— Data section —
______
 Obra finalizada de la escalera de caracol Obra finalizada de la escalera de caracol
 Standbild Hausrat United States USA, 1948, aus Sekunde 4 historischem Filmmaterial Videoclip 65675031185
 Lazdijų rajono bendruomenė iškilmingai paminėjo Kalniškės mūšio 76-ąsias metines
______
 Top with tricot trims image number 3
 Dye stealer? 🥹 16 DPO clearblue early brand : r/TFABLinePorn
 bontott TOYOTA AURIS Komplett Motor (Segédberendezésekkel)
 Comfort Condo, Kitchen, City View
______
Only the lines above starting with the one with "Top with tricot trims image number 3" and going through the one with "Comfort Condo, Kitchen, City View" are to be copied, word for word and with both ends kept.

— Task solution —
 Top with tricot trims image number 3
 Dye stealer? 🥹 16 DPO clearblue early brand : r/TFABLinePorn
 bontott TOYOTA AURIS Komplett Motor (Segédberendezésekkel)
 Comfort Condo, Kitchen, City View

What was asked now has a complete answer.